Issues with UD annotation of subordination in Turkish
The primary means of subordination in Turkish is through a set of subordinating suffixes that attach to the predicates. These suffixes may form clauses that function as adverbs, adjectives or nouns. This type of subordinate clauses behave exactly as the basic word types. For example, just like a simple adjective, an adjectival clause precedes the noun they modify, or a nominal clause takes inflections a simple noun can take and can occupy any slot that a simple noun occupies in a sentence. Examples (1) and (2) below show an adjective and adjectival clause.
(1) Kalın kitap
thick book
"thick book"
(2) Ali'nin okuduğu kitap
Ali.GEN read-PART.PAST book
The book that Ali read/is reading
In METU-Sabancı (MS) treebank (and in Turkish dependency parsing/annotation work so far), the subordinating suffix introduces a new syntactic unit, “inflectional group” (IG), and it is also the head of the subordinate clause. Since this IG is an adjective, it modifies the noun as any other adjective. In general, the MS treebank considers the last IG as the head of the word. This is such a basic property for the treebank that the original format of the treebank relies on this fact implicitly, leaving the dependencies between the IGs within a word unspecified (CONLL-X version introduces a “DERIV” relation to cover this, and chains all IGs wehre the head is the last IG).

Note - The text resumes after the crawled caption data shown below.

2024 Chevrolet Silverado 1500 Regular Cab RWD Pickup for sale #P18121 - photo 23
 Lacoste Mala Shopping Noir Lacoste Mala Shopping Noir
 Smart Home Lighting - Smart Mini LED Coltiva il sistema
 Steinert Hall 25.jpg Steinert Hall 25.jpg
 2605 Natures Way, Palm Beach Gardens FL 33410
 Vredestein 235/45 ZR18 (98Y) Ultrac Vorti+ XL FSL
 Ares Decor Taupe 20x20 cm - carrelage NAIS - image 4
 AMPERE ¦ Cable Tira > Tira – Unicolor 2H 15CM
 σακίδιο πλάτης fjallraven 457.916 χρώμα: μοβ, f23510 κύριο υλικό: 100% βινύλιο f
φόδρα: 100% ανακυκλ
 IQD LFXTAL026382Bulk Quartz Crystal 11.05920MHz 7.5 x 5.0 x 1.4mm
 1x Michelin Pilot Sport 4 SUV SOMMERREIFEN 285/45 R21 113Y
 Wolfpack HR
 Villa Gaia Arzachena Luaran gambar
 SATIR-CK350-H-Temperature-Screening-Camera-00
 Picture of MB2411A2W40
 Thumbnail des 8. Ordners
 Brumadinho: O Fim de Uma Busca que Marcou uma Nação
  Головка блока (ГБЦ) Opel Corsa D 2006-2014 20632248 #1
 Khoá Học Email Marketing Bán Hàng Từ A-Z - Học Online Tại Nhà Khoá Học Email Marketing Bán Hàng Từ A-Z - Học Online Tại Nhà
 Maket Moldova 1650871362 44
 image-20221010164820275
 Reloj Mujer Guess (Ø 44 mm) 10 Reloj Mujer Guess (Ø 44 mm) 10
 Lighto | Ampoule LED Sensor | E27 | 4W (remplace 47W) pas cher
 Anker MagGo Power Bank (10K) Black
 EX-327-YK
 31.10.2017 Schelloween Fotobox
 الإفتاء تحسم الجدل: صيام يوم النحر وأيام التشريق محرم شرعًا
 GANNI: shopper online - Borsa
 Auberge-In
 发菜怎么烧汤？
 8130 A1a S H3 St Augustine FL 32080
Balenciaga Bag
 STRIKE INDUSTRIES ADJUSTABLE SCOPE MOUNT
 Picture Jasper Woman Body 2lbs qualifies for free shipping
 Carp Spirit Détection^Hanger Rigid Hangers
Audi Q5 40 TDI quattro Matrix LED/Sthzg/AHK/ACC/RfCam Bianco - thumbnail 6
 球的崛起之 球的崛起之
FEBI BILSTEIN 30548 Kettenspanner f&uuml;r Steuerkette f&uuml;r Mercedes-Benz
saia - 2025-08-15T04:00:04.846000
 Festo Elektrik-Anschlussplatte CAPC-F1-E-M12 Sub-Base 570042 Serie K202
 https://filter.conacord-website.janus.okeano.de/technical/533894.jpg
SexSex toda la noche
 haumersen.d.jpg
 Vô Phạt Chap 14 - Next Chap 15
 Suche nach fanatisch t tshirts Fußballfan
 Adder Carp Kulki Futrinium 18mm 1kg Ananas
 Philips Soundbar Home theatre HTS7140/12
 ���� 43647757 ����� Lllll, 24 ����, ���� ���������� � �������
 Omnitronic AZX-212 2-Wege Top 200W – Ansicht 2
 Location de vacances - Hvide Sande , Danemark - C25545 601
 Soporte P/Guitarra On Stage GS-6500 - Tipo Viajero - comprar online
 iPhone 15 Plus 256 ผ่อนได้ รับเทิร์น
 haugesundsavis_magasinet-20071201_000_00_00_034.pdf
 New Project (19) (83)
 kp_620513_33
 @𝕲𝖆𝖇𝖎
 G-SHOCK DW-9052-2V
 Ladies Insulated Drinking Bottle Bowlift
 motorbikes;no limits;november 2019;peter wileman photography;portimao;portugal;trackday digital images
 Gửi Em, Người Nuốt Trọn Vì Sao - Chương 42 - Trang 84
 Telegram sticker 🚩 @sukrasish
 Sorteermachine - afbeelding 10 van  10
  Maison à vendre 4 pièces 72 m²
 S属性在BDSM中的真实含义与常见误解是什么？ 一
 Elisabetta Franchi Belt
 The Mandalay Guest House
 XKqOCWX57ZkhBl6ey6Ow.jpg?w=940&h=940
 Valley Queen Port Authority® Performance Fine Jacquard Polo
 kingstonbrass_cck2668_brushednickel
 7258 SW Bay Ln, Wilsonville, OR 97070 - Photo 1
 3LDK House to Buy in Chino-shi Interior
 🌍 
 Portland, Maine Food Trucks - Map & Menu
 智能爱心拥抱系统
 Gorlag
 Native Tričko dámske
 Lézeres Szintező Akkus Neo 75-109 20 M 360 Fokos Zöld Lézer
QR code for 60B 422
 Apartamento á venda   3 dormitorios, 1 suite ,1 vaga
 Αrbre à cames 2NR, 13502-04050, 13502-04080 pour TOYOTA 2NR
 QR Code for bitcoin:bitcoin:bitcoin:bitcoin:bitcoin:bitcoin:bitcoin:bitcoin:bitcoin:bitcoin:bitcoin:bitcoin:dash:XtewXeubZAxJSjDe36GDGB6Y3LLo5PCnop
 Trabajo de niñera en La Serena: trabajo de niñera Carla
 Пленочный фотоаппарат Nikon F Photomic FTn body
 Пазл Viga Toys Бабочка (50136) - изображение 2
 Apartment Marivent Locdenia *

According to MS treebank, the analysis of example (2) above is as follows (relation lables are (approximately) translated to UD):
Ali'nin oku –duğu kitap
deriv(–duğu, oku)
nsubj(oku, Ali'nin)
amod(kitap, –duğu)
This conlicts with present UD specification because
- Violates the “primacy of content” principle. The head is the subordinating particle/suffix, not the content word.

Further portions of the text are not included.